TASK DIRECTIONS: Copy every line of the records exactly, without including the images.

DATASET EXCERPTS:
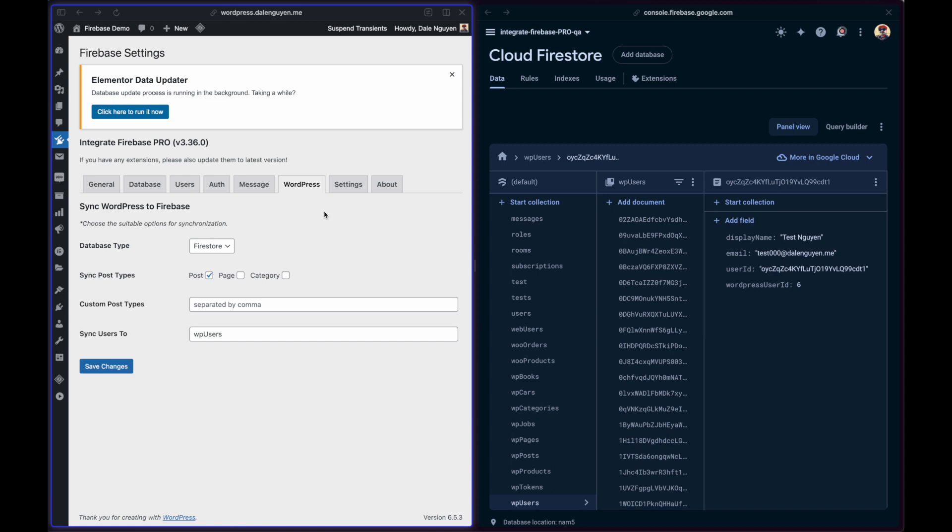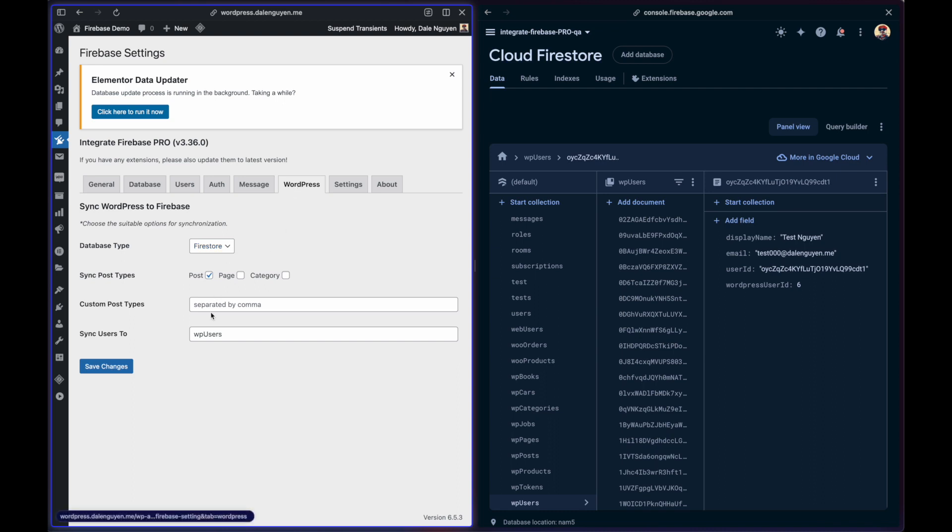The new feature allows you to sync WordPress user profile data to Firebase. In order to do that, you need to select the database type under WordPress and then sync user to the WP users. You can rename this one to something else if you want.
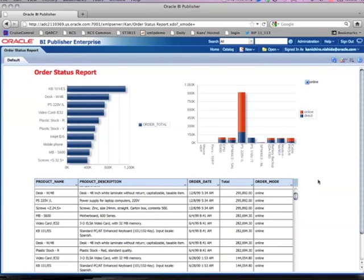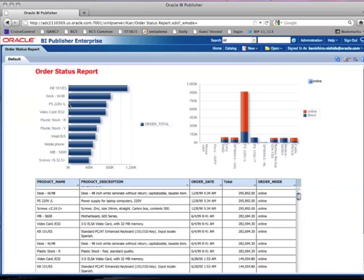This is pretty much the basic steps to create your first report with BI Publisher. Thank you for watching. This is Kan Nishida from BI Publisher Channel.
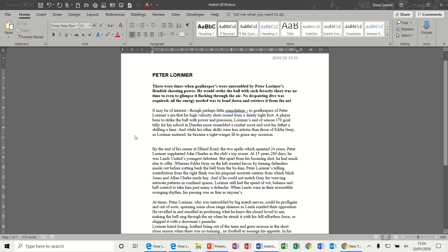Hi guys, welcome to this module on Microsoft Word. In this session we're going to look at how to create indents, tabs and alignment.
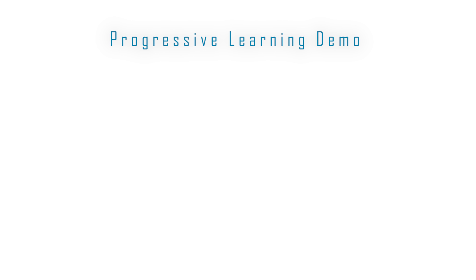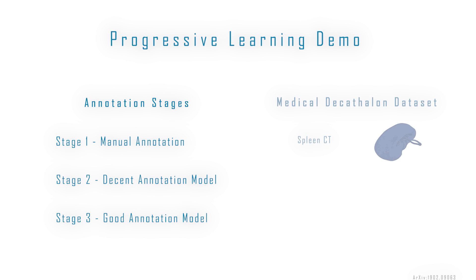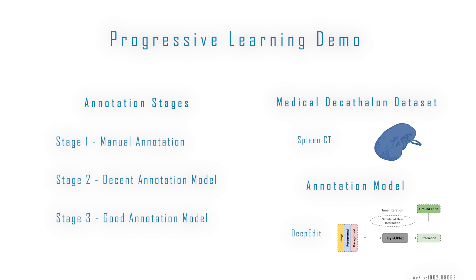To demonstrate the power of MoniLabel, we're going to walk through a three-stage progressive learning demo using 3D Slicer. For our data, we're using CT-Spleen images from the Medical Decathlon dataset, and for our model, we'll be using DeepEdit.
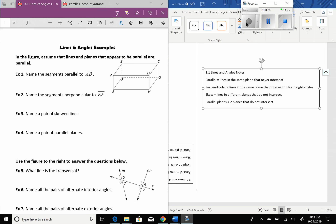The first thing we're going to start with is some definitions. There's a little tiny piece of paper that you have, and it defines parallel, perpendicular, skew, and parallel planes.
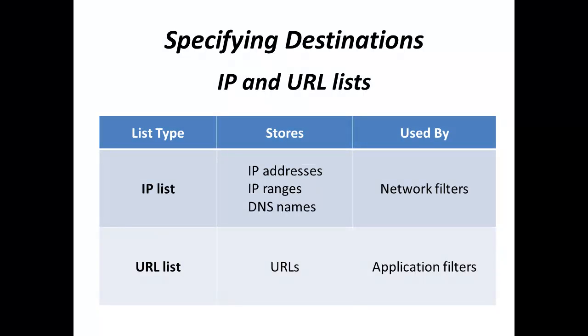One important thing we have to know about traffic rules is that they require you to specify network destinations that will be allowed or blocked. Depending on the type of the rule that you create, network destinations are specified in the form of IP addresses or uniform resource locators.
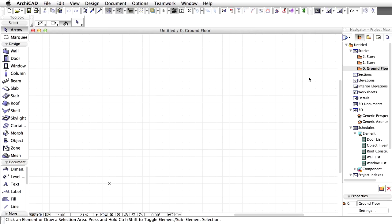One of the key concepts of the ArchiCAD Virtual Building is that all stories can be included in one project file. Since this is going to be a multi-story office building, let's define the stories first.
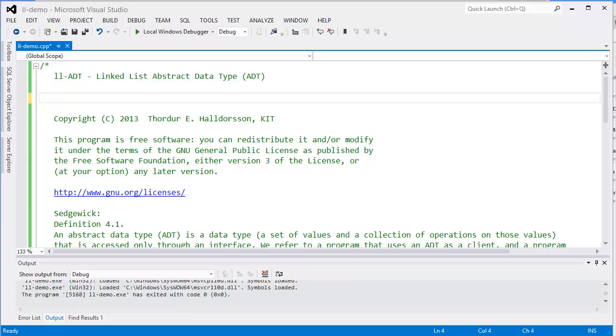Greetings! In this video we'll continue with the project where we have implemented a simple linked list abstract data type and we'll use that ADT as the data storage for two new ADTs: the stack and the queue.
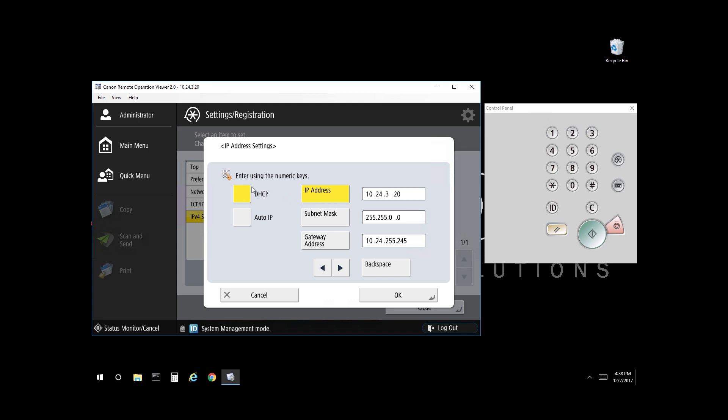And from here you have a selection for DHCP. This device currently has DHCP on because it's highlighted orange. However, if you select it, it will unhighlight and therefore there is a static IP address.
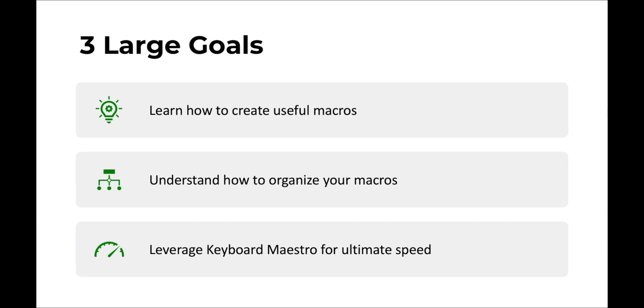And lastly, we're going to learn how to use Keyboard Maestro for ultimate speed, quite literally. Some of these hotkeys are going to take tasks that might have used to take you several minutes and literally make them faster than the blink of an eye.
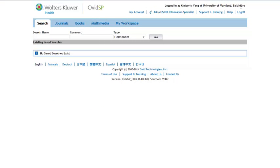In the Search Name box, type the name of your search. Under Type, leave Permanent selected, and click Save.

ANSWER FOR THIS EXERCISE:
The new feature allows you to sync WordPress user profile data to Firebase. In order to do that, you need to select the database type under WordPress and then sync user to the WP users. You can rename this one to something else if you want.
This is pretty much the basic steps to create your first report with BI Publisher. Thank you for watching. This is Kan Nishida from BI Publisher Channel.
Hi guys, welcome to this module on Microsoft Word. In this session we're going to look at how to create indents, tabs and alignment.
To demonstrate the power of MoniLabel, we're going to walk through a three-stage progressive learning demo using 3D Slicer. For our data, we're using CT-Spleen images from the Medical Decathlon dataset, and for our model, we'll be using DeepEdit.
The first thing we're going to start with is some definitions. There's a little tiny piece of paper that you have, and it defines parallel, perpendicular, skew, and parallel planes.
One important thing we have to know about traffic rules is that they require you to specify network destinations that will be allowed or blocked. Depending on the type of the rule that you create, network destinations are specified in the form of IP addresses or uniform resource locators.
One of the key concepts of the ArchiCAD Virtual Building is that all stories can be included in one project file. Since this is going to be a multi-story office building, let's define the stories first.
Greetings! In this video we'll continue with the project where we have implemented a simple linked list abstract data type and we'll use that ADT as the data storage for two new ADTs: the stack and the queue.
And from here you have a selection for DHCP. This device currently has DHCP on because it's highlighted orange. However, if you select it, it will unhighlight and therefore there is a static IP address.
And lastly, we're going to learn how to use Keyboard Maestro for ultimate speed, quite literally. Some of these hotkeys are going to take tasks that might have used to take you several minutes and literally make them faster than the blink of an eye.
In the Search Name box, type the name of your search. Under Type, leave Permanent selected, and click Save.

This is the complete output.